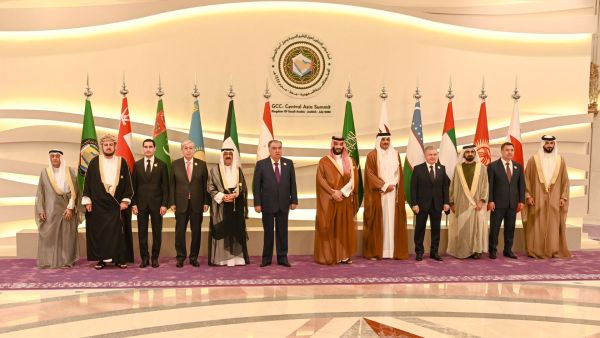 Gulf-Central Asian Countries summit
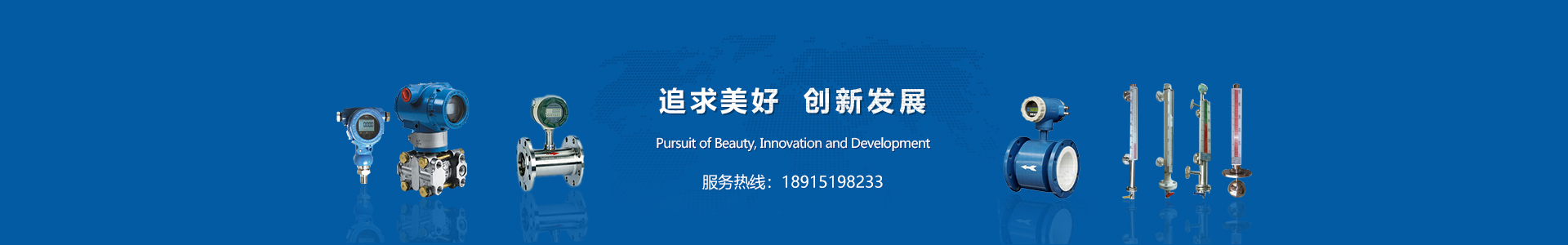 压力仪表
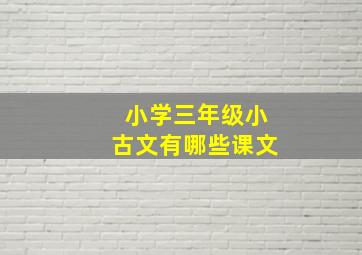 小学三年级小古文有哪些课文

++++++++++++++++++++

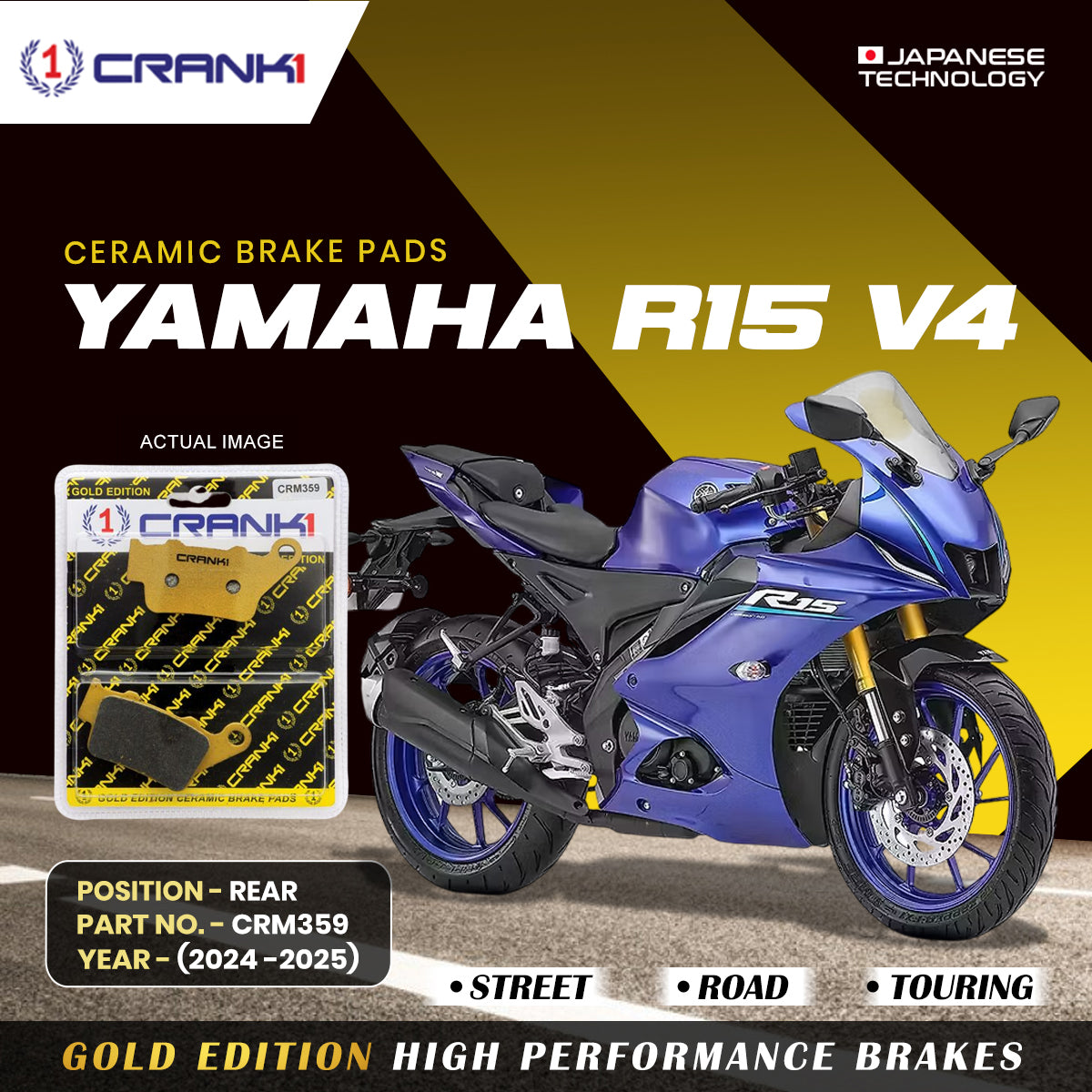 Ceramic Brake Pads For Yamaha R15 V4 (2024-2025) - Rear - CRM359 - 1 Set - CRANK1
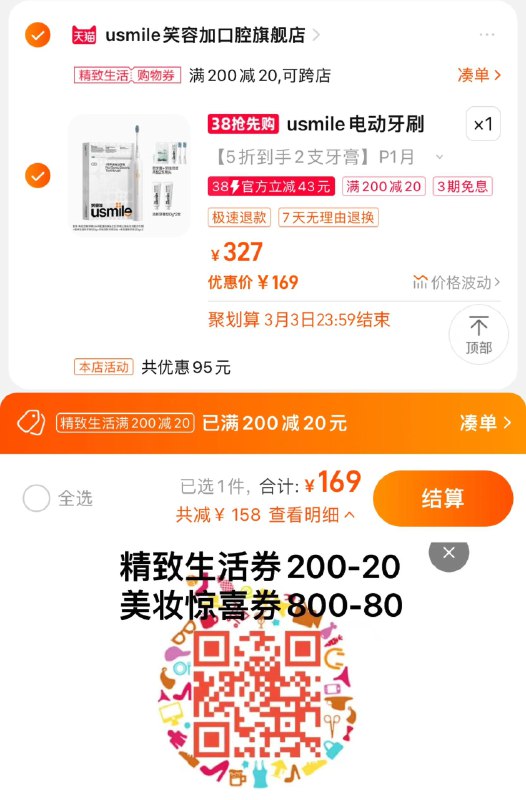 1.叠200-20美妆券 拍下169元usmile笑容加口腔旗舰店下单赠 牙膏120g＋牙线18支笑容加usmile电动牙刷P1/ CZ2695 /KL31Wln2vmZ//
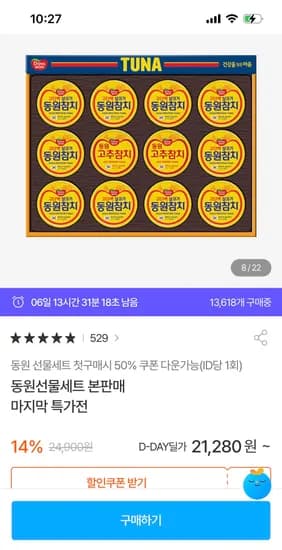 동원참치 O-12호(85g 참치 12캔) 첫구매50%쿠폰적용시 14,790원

++++++++++++++++++++

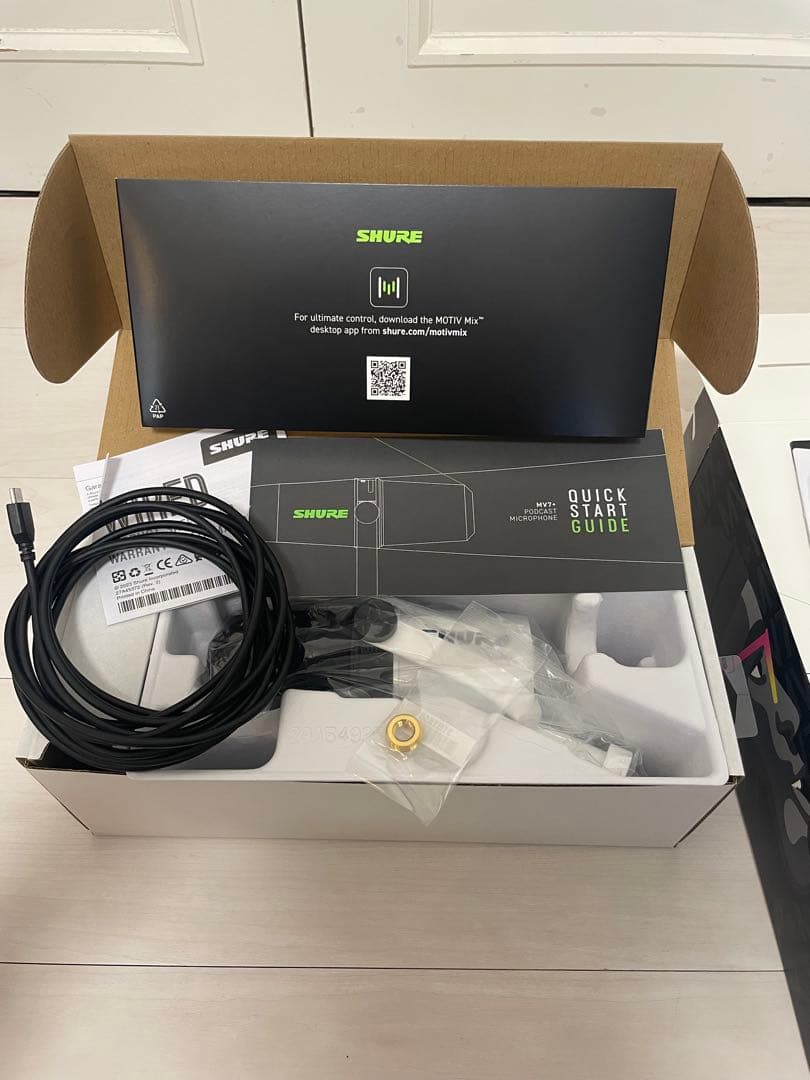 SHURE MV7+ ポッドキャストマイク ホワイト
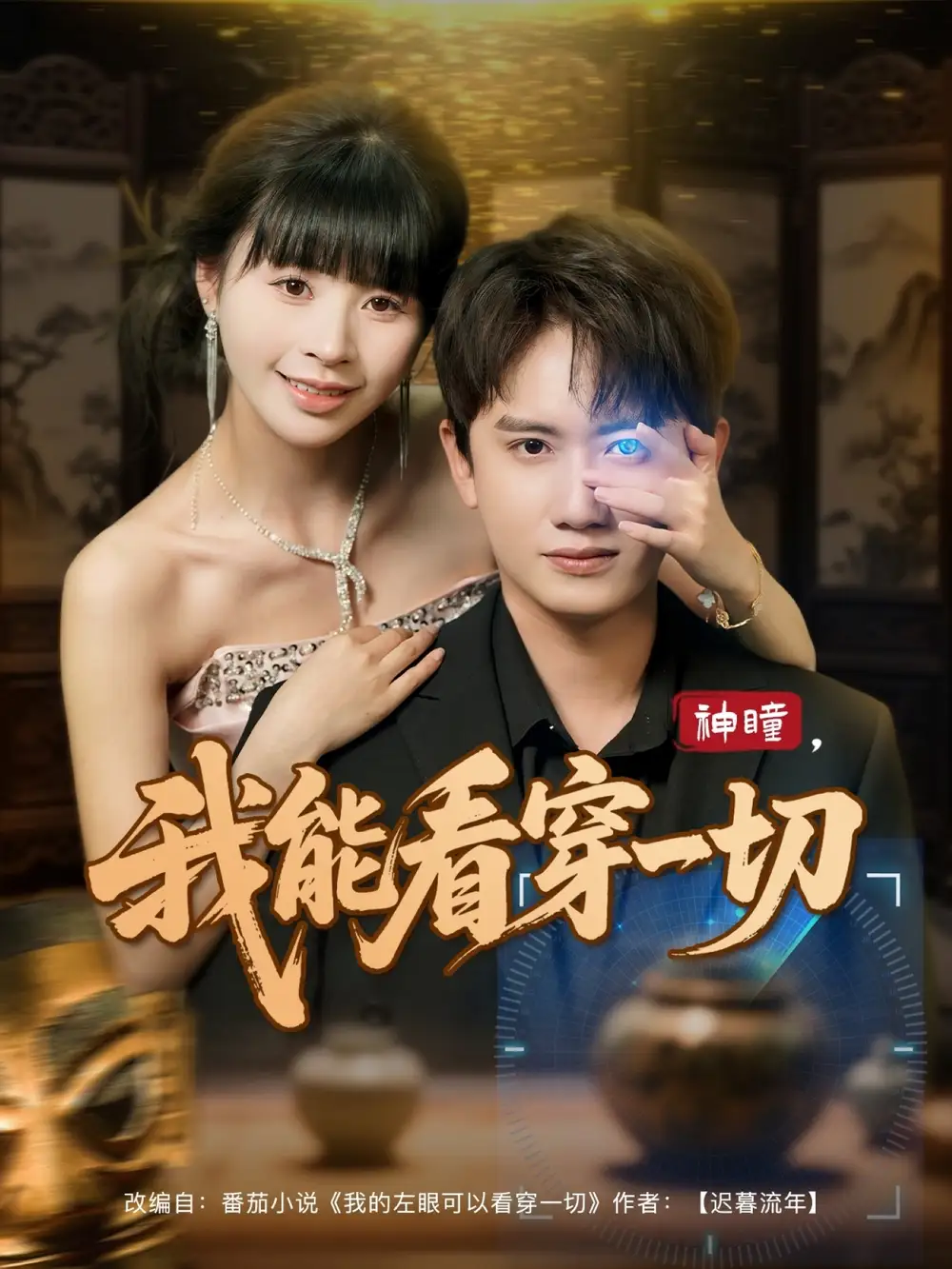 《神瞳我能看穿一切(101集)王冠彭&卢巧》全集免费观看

++++++++++++++++++++

Problem details: Set the pictures aside and reproduce exactly the lines above, from the line holding "Gulf-Central Asian Countries summit" through the line holding "小学三年级小古文有哪些课文", both included, with nothing else.

Result below:
 Gulf-Central Asian Countries summit
 压力仪表
 小学三年级小古文有哪些课文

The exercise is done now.